# Wearing headphones to bed?



## Gwynevere (Oct 6, 2013)

So, I have a hard time getting tired in bed, but music seems to help. I'm worried about strangling to death in the middle of the night though. So, does anyone wear headphones to bed? Has it ever choked you? Have you ever accidentally broken them in your sleep?


----------



## inerameia (Jan 26, 2012)

Whenever I do that I just wake up the next morning and they're already out of my ears.

They haven't choked me or broken.


----------



## DeniseAfterAll (Jul 28, 2012)

Try wireless headphones. 

I understand the fear of dying in your sleep . I have it all the time.. but sometimes I'd rather welcome it.. as long as it's painless.


----------



## Gwynevere (Oct 6, 2013)

Peregrínus said:


> Whenever I do that I just wake up the next morning and they're already out of my ears.
> 
> They haven't choked me or broken.


Oh, I was thinking headphones, not ear buds.
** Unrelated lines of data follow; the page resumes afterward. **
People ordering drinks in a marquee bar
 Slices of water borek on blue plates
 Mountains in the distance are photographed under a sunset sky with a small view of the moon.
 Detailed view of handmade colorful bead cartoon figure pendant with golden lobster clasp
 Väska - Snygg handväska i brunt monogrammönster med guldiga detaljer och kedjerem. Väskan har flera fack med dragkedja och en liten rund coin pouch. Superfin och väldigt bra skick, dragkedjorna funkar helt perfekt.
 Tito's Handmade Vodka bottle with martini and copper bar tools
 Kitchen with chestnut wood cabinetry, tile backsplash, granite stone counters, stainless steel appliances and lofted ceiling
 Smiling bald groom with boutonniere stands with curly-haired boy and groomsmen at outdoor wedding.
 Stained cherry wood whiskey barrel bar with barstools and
I've never been able to keep earbuds in my ear when laying down.



DeniseAfterAll said:


> Try wireless headphones.


Good idea.


----------



## Cordell (Dec 6, 2013)

you could get one of those speaker pillows. or even make your own, if you're handy.


----------



## AceEmoKid (Apr 27, 2012)

I used to go to sleep wearing earbuds in high school. Music didn't necessarily help me sleep, but I had to have something occupy me until I became too exhausted to process what I was hearing. In all that time, I was never strangled by my headphones -- contrarily, I ruined _them_. I went through at least 2-3 pairs during those years, as sleeping with them in -- tossing and turning, no doubt yanking at the cord -- messed up the jack/wires in at least one of the ears at a time. Don't sleep with wired headphones on unless you want to spend plenty of cash.


----------



## zomgz (Aug 17, 2009)

I don't know, I've done this lots of times and never had any problems. When I wake up they've usually fallen beside my bed.


----------



## WillYouStopDave (Jul 14, 2013)

If you can stand listening to crappy headphones, buy cheap ones. They probably won't choke you. You can spend as much as you want on headphones and most of them will break rather easily.


----------



## Kascheritt (Mar 7, 2012)

If it's headphones I always take them off before sleep, I don't want to break it and it's uncomfortable to me. I sleep with sport or simple earbuds if I must.


----------



## DeeperUnderstanding (May 19, 2007)

When I was 13, I used to listen to my walkman when sleeping. I remember actually having dreams with the music in them.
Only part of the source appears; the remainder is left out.